Re: Regular expressions in Unicode (Was: Ethiopic text)

From: Glen Perkins (gperkins@netcom.com)
Date: Wed Mar 18 1998 - 04:45:00 EST


I missed most of this Unicode regex discussion since I was down at Internet
World in Los Angeles, so I hope you'll forgive me for bringing it back up.

Perl is probably the gold standard for regex usage these days. Those who
produce commercial regex libraries for languages such as C++ and Java
usually base their regexes on Perl 5, since that's what regex users demand.

The Perl people and the XML people just concluded a summit in which they
agreed that Perl was the ideal XML parsing language--except for the glaring
problem that XML is Unicode/10646-based and Perl is fundamentally "char ==
byte" based.

As a result, Larry Wall (Perl's creator) has agreed that upgrading Perl to
"Unicode compatibility" is his highest priority. Since Perl has regexes
built right into the syntax of the language itself, this will require him to
somehow implement a solution to regexes for Unicode. Once he has done so, it
is not unreasonable to assume that a lot of other developers will follow
suit and implement his regex solutions in their own software and in various
commercial class libraries.

Larry is a very bright guy, and has a linguistics degree, but I can't help
but think that the whole world would benefit from a bit of collaboration
between him and some of you on the Unicode/Unicore mailing lists. Getting it
right in Perl now will probably save a lot of aggravation in the future.

I encourage anyone who is interested to check out:

http://www.perl.com/perl-xml.html

and go ahead and contact Larry. He's working at O'Reilly right now, so he's
probably something like lwall@ora.com, or something similar.

For what it's worth, here's my $0.02:

I think that all matches, ranges, and sorts should accept explicit arguments
that specify exactly what matches what, what series of chars is being
subsetted by a range, and what sorts before what. This way, all platform
dependence can be eliminated from the code. I also think that an extra layer
of abstraction is needed. Rather than comparing bits directly, you would
convert strings to a canonical form before attempting a match.

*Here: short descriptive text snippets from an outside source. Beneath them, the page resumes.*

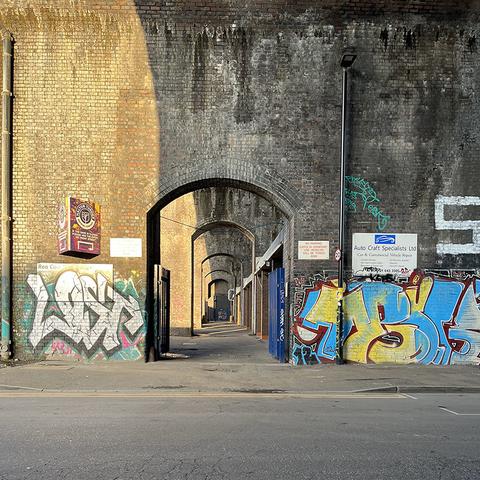 A beautifully textured, industrial brick wall - possibly Victorian - in Birmingham. The brick is a yellowish tone, stained as if by tainted water running down from the top of it. The wall is graffitied at the bottom - yellow and blue on the right, white with a black drop-shadow on a multicoloured background on the left, with industrial-looking signage. There's an elegantly shaped segmental arch opening, through which we can see a series of similar openings in walls further away, the perspective showing the archways diminishing in size so that those further away seem to be contained by the ones closer to the viewer.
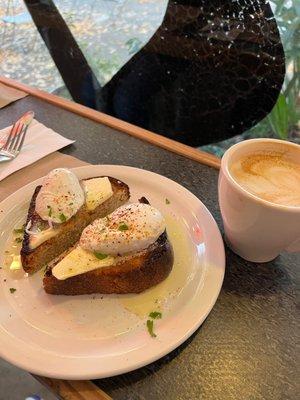 Poached egg on bread- that dollup under the egg, that's butter! And worth it, so good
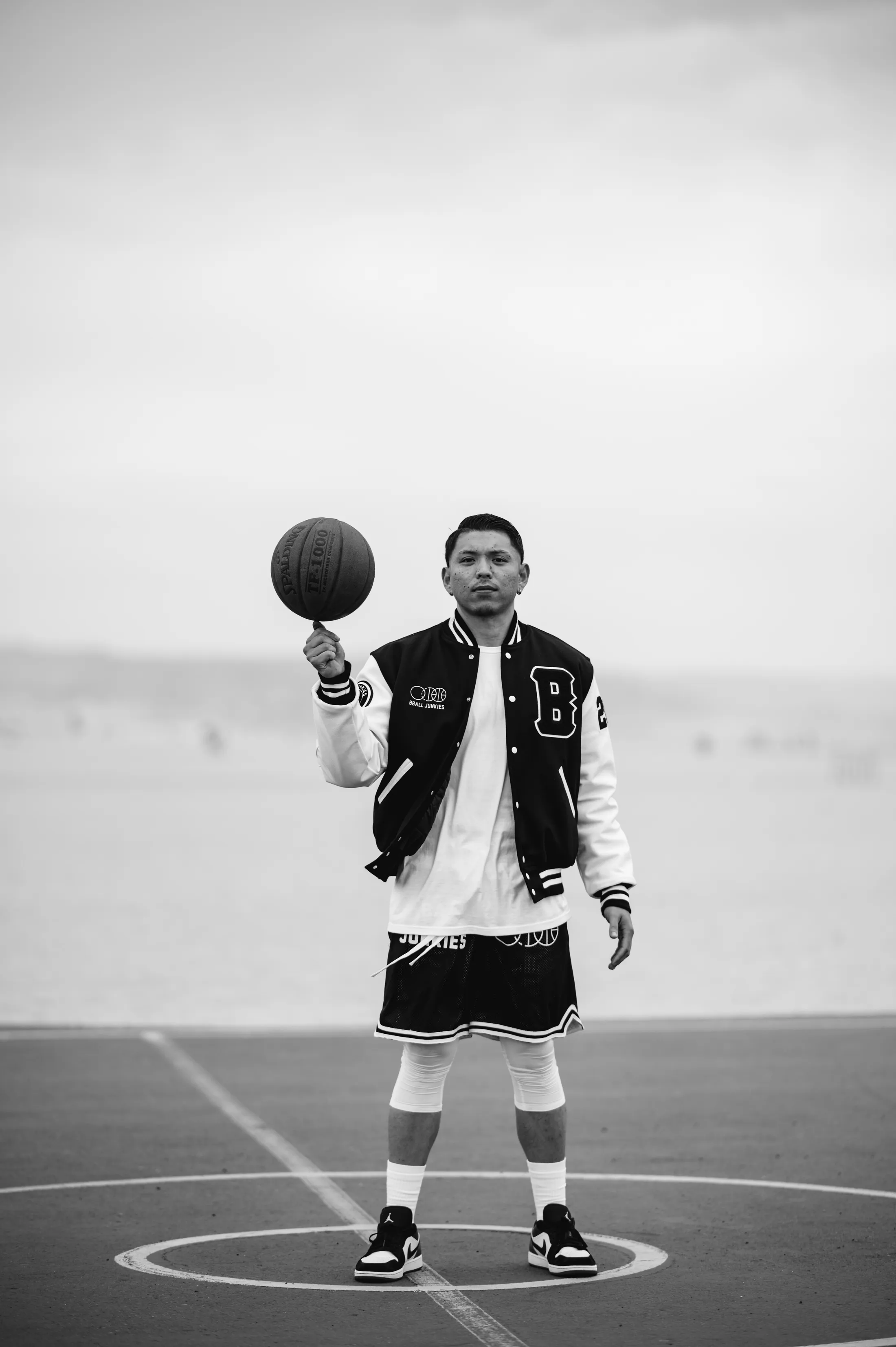 A player spinning a ball on one finger at the center circle of an outdoor court, in the BBJ varsity jacket.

On some machines, a given argument (such as a "use ISO 8859-1 for all
ranges" statement) would be compiled/interpreted right out of the code,
because it referred to the native encoding of the machine and could be
implemented in the DFA/NFA directly. The "canonical form" in many such cases
would just be the unconverted data. Matching Latin-1 search strings to
Latin-1 data shouldn't involve converting both to Unicode.

On other machines, that encoding/matching/range/collating argument might
have to be backed by a subroutine that could be either a standard feature,
customized by the programmer, or implemented by the programmer from scratch.
Such subroutines would have a standard interface, but no specified
implementation. Whether for matching (both char encoding conversion and char
equivalence info), ranges (series of chars in desired order from which
ranges/subsets are taken), or sorting (collation rules), they could either
be implemented via table lookup, or they could be algorithmic. This would
allow the programmer to either use pre-built subroutines representing
various standards, or override the subroutine with his own custom version.
It would also mean that a smart compiler/interpreter would be able to
completely optimize out the subroutines in many cases, making Unicode
regexes just as fast as non-Unicode regexes at doing plain 'ol Latin-1 sorts
and matches on a plain 'ol Latin-1 machine, while still allowing decomposed
Hangul in one encoding to be used as a search string for pre-composed Hangul
in another encoding--albeit more slowly.

I suppose that if the arguments are not specified explicitly, the regexes'
behavior could default to locale-specific behavior, but I'm not fond of code
that behaves differently on different platforms. It's asking for trouble.
I'd rather the defaults be fixed, but that can get pretty contentious. If
the arguments *are* explicit, though, the same code shouldn't function
differently in different locales. It should just have more efficient or less
efficient implementations, depending on how closely the underlying OS
matched the operations required by the code.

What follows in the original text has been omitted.